Having spent yesterday afternoon not watching trash from Beijig on the telly but shifting a printer and long-neched bass (not simultaneously) across London on the bus, I can confirm caegorically that there is no such thing as a "bus queue". Current British tradition is to lurk somewhere near the stop, preferably blocking the pavement, then rush to be first on with weapon of choice being an industrial-sized buggy.

"Catching A Bus" as the new Olympic sport? Visiting spectators in 2012 will certainly be able to practice it.

As for a London opening ceremony, the very thought of 5,000 ageing, creaking Morris dancers fills me with dread.
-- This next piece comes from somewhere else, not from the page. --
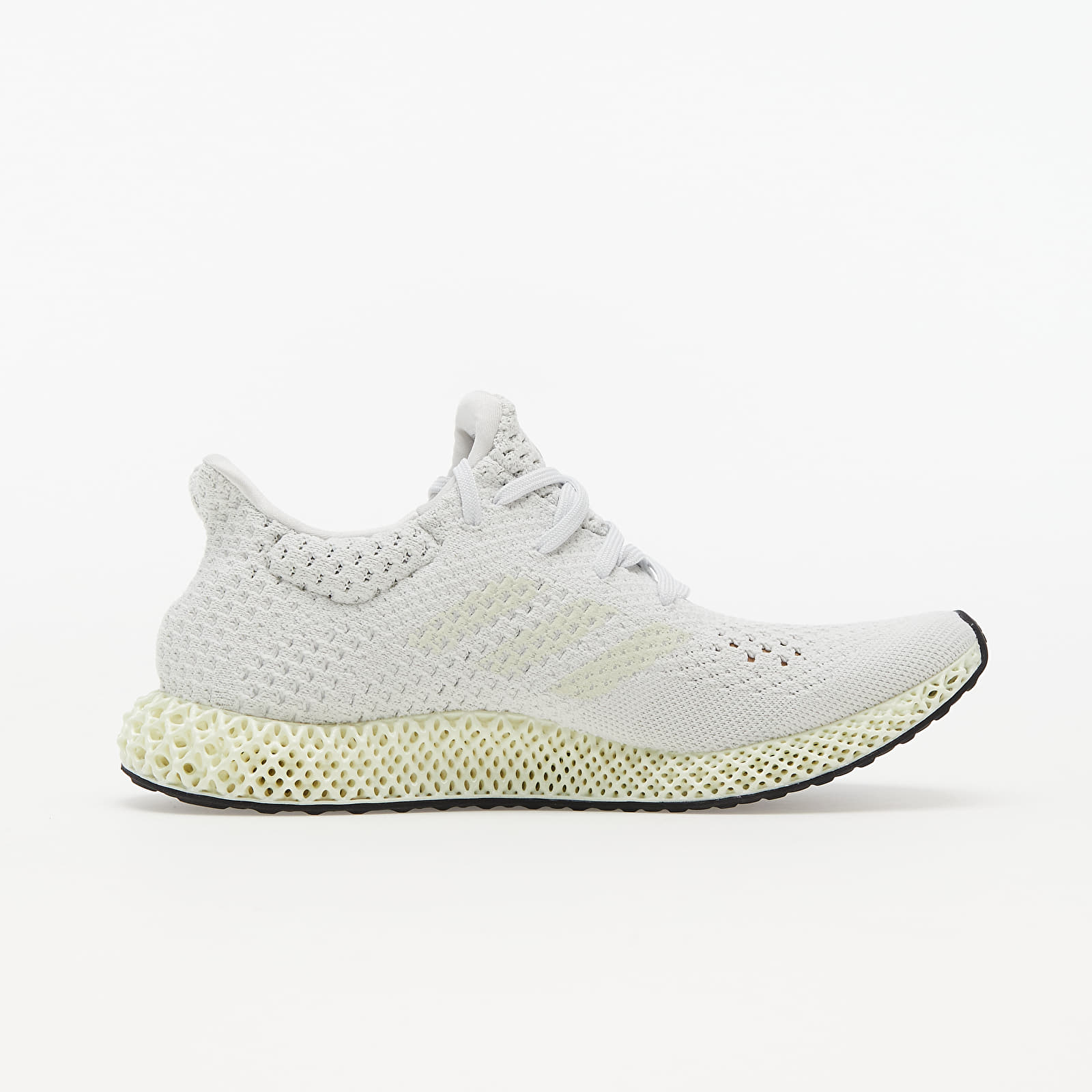 Ανδρικά παπούτσια adidas 4D Futurecraft Crystal White/ Core White/ Core Black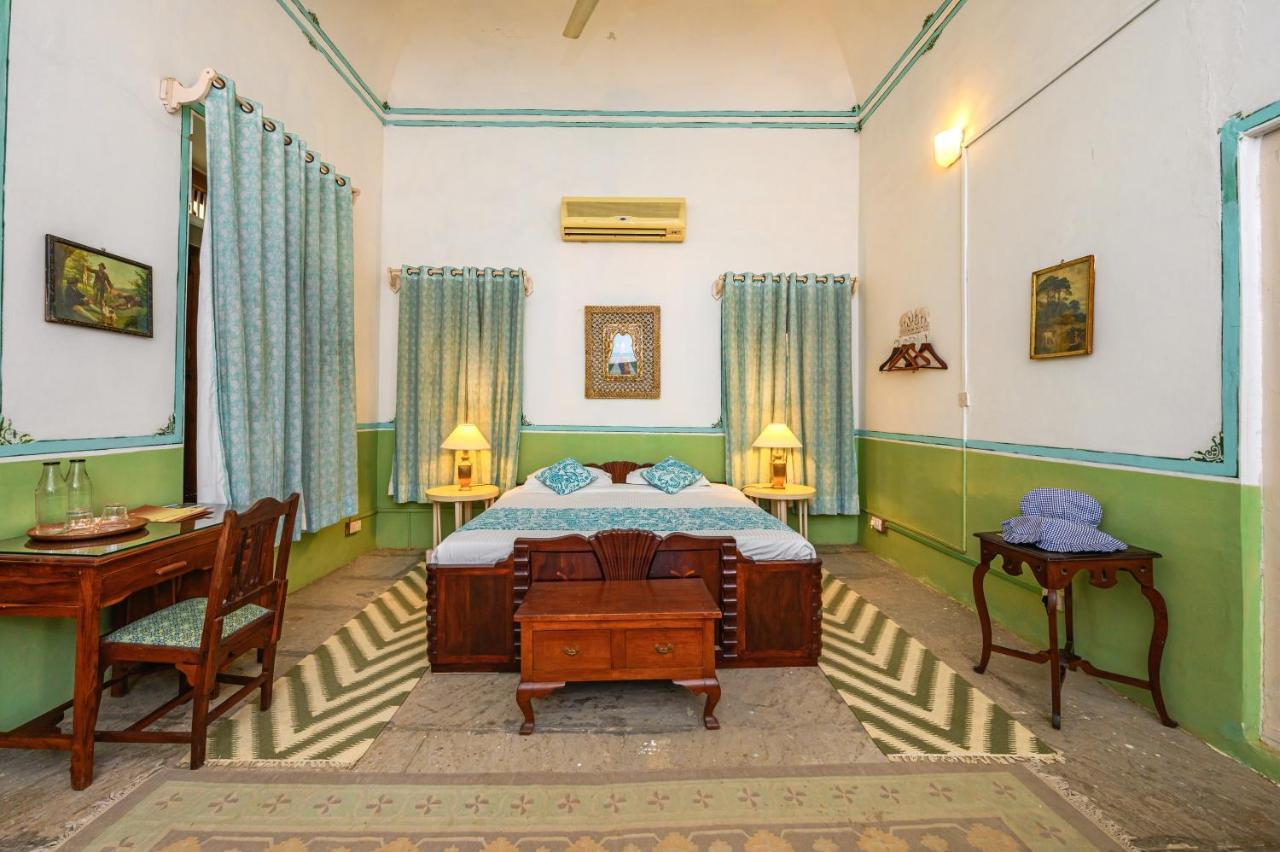 מלון Bagar Neemrana'S - Piramal Haveli מראה חיצוני תמונה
What would be good (not representative, but GOOD), is single and double jigs from dancers of Morris Offspring standard and Rapper from, perhaps, Black Swan. A combination of the Offsprings, Kingsmen and the Demon Barber Roadshow should do it. Who can forget the spectacular Flame! at the last Sidmouth that mattered? That and a couple of well-executed rant- and hop-step social dances from ceilidh dancers who really know what they're doing.

This scenario is not at all typical of current British social activity (such as it is) nor even of the tiny, niche "f*lk scene" (whatever that is). Deity of choice forfend that these be put on public display. But it would be . . . good.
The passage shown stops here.